*Supplied data*
------------------------------------------------
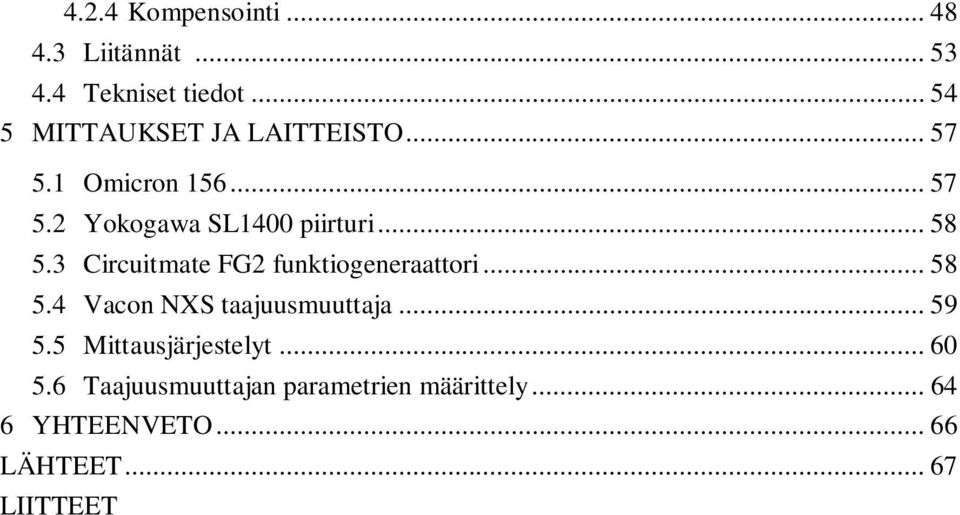 .. 58 5.3 Circuitmate FG2 funktiogeneraattori... 58 5.4 Vacon NXS taajuusmuuttaja... 59 5.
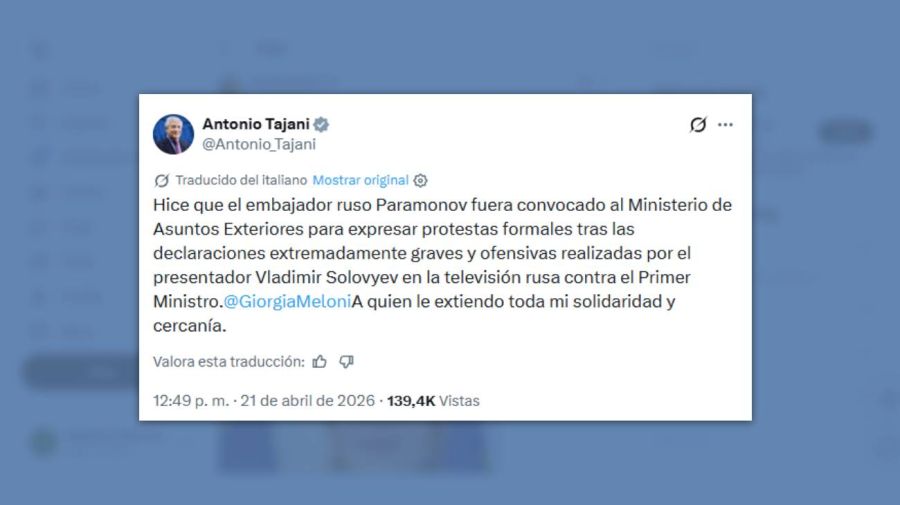 Posteo del canciller italiano Antonio Tajani citando al embajador ruso Alexei Paramanov por los insultos rusos a Giorgia Meloni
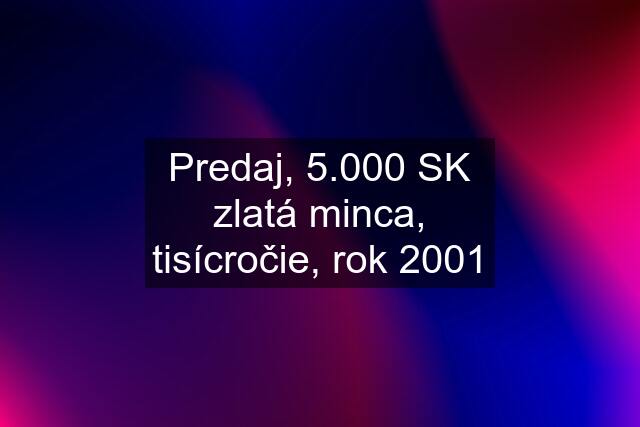 Predaj, 5.000 SK zlatá minca, tisícročie, rok 2001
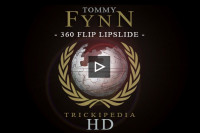 Tommy Fynn - 360 Flip Lipslides
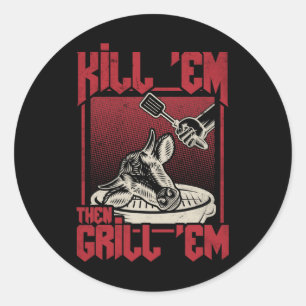 Töte Sie Grille Sie Bbq Runder Aufkleber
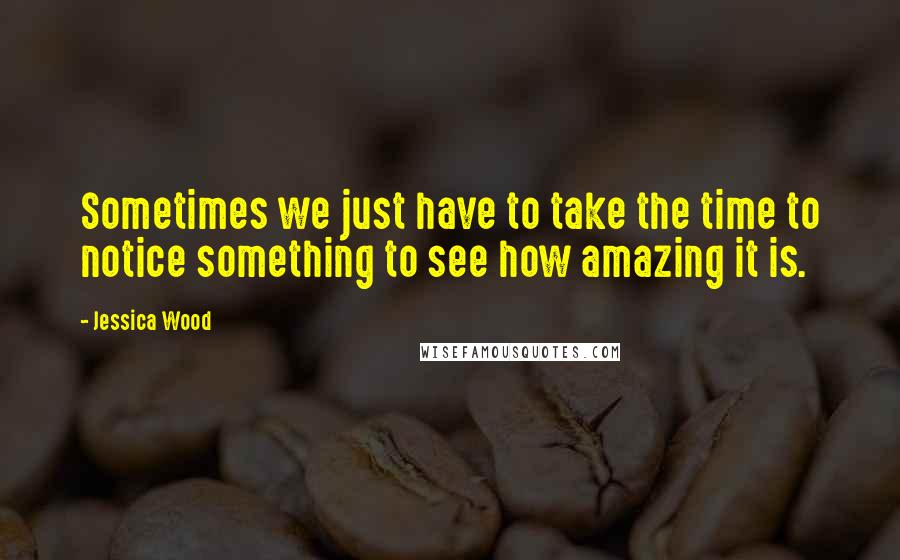 Jessica Wood Quotes: Sometimes we just have to take the time to notice something to see how amazing it is.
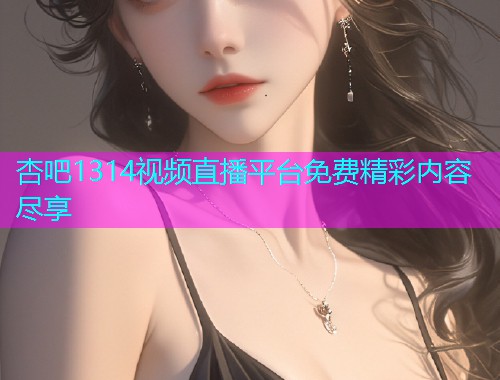 杏吧1314视频直播平台免费精彩内容尽享  第2张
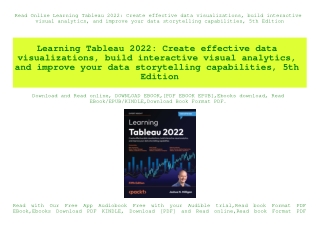 Read Online Learning Tableau 2022 Create effective data visualizations  build interactive visual analytics  and improve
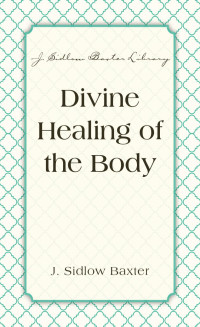 J. Sidlow Baxter; — Divine Healing Of The Body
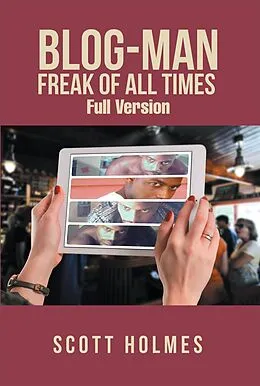 E-Book (epub) Blog-Man Freak of All Times von Scott Holmes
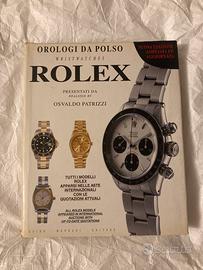 Libro Rolex Mondani editore di Osvaldo Patrizi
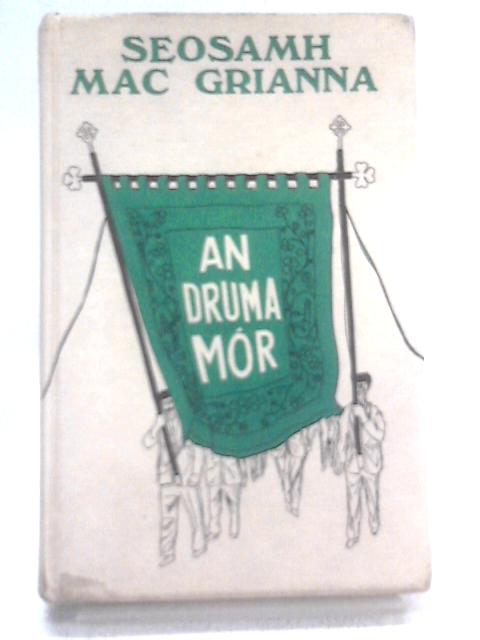 An Druma Mor von Seosamh Mac Grianna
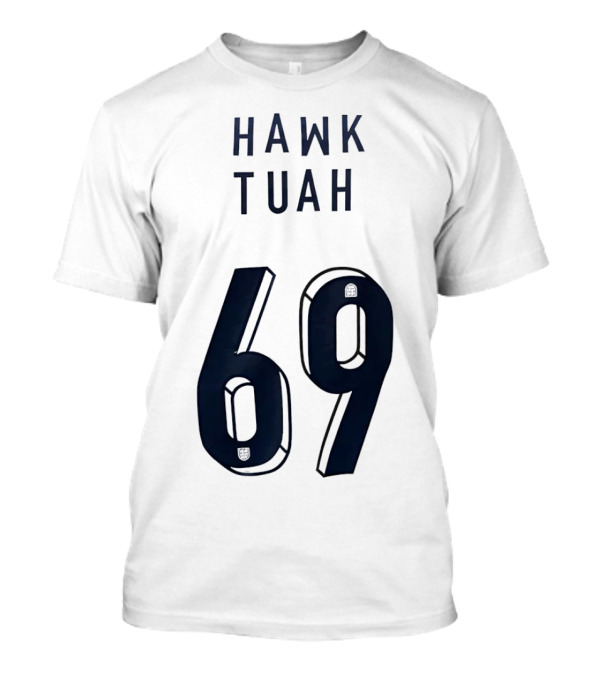 Hawk Tuah 69 T-Shirt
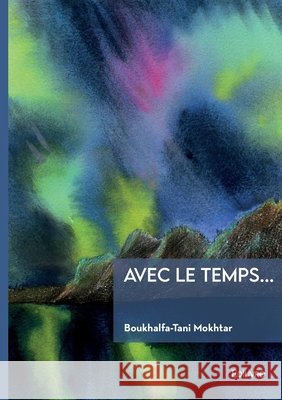 Avec le temps... Mokhtar Boukhalfa-Tani 9782414800261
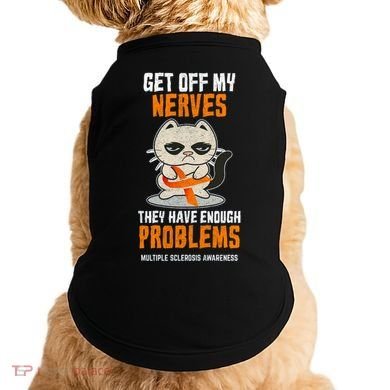 Get Off My Nerves Funny Multiple Sclerosis Awareness Gift Doggie Tank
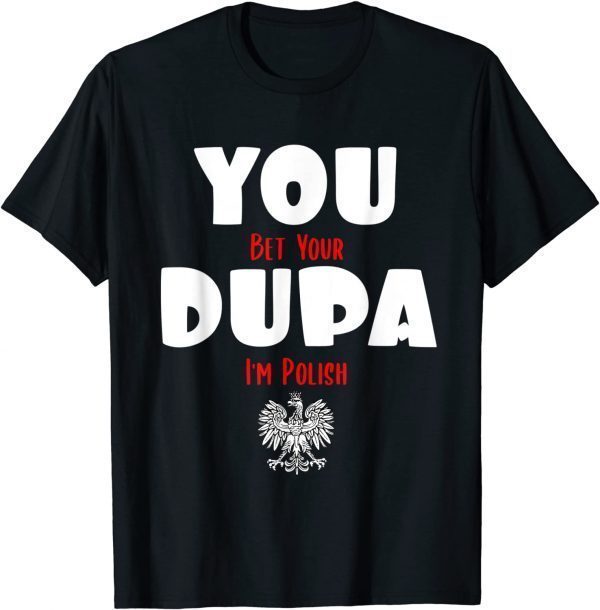 You Bet Your Dupa I'm Polish 2022 Shirt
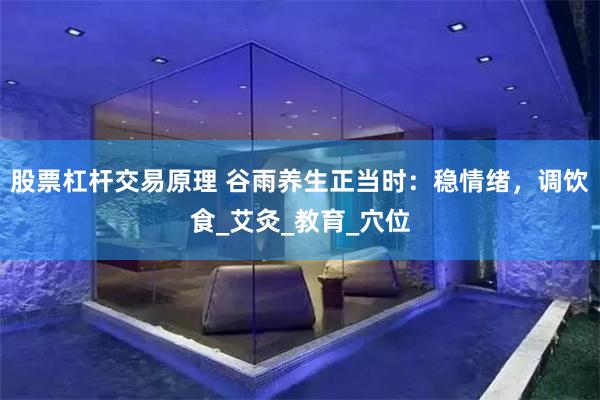 股票杠杆交易原理 谷雨养生正当时：稳情绪，调饮食_艾灸_教育_穴位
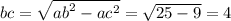 bc = \sqrt{ {ab}^{2} - {ac}^{2} } = \sqrt{25 - 9} = 4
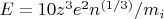$E = 10z^3e^2n^{(1/3)}/m_i$ $E = 10z^3e^2n^{(1/3)}/m_i$
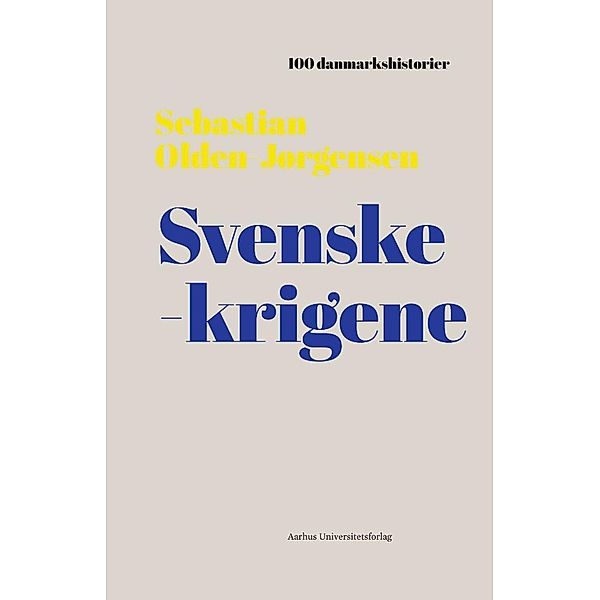 Svenskekrigene / 100 danmarkshistorier Bd.15, Sebastian Olden-Jørgensen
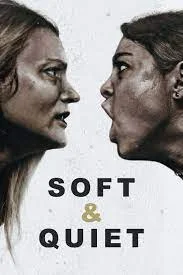 Soft and Quiet (2022)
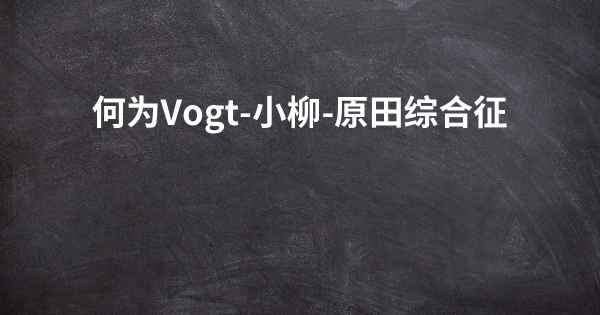 何为Vogt-小柳-原田综合征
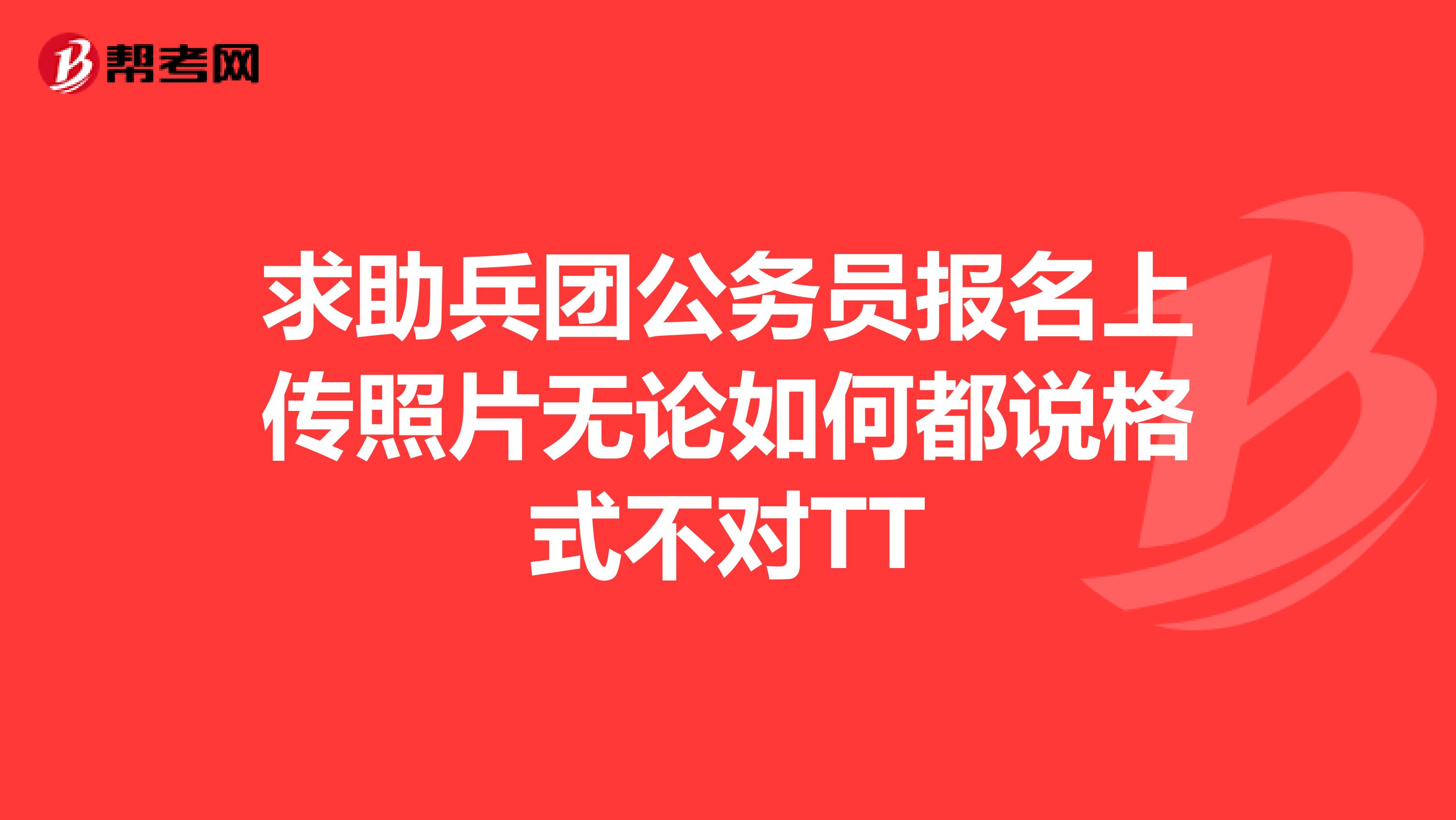 求助兵团公务员报名上传照片无论如何都说格式不对TT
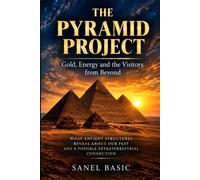 THE PYRAMID PROJECT: Gold, Energy and the Visitors from Beyond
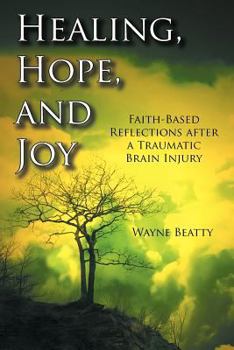 Paperback Healing, Hope, and Joy: Faith-Based Reflections after a Traumatic Brain Injury Book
------------------------------------------------
*What the task asks*
Extract the run of lines from the line holding "Read Online Learning" through the final line of the material above, exactly and inclusively. Leave the pictures behind.

*Solution*
 Read Online Learning Tableau 2022 Create effective data visualizations  build interactive visual analytics  and improve
 J. Sidlow Baxter; — Divine Healing Of The Body
 E-Book (epub) Blog-Man Freak of All Times von Scott Holmes
 Libro Rolex Mondani editore di Osvaldo Patrizi
 An Druma Mor von Seosamh Mac Grianna
 Hawk Tuah 69 T-Shirt
 Avec le temps... Mokhtar Boukhalfa-Tani 9782414800261
 Get Off My Nerves Funny Multiple Sclerosis Awareness Gift Doggie Tank
 You Bet Your Dupa I'm Polish 2022 Shirt
 股票杠杆交易原理 谷雨养生正当时：稳情绪，调饮食_艾灸_教育_穴位
 bc = \sqrt{ {ab}^{2} - {ac}^{2} } = \sqrt{25 - 9} = 4
$E = 10z^3e^2n^{(1/3)}/m_i$ $E = 10z^3e^2n^{(1/3)}/m_i$
 Svenskekrigene / 100 danmarkshistorier Bd.15, Sebastian Olden-Jørgensen
 Soft and Quiet (2022)
 何为Vogt-小柳-原田综合征
 求助兵团公务员报名上传照片无论如何都说格式不对TT
 THE PYRAMID PROJECT: Gold, Energy and the Visitors from Beyond
 Paperback Healing, Hope, and Joy: Faith-Based Reflections after a Traumatic Brain Injury Book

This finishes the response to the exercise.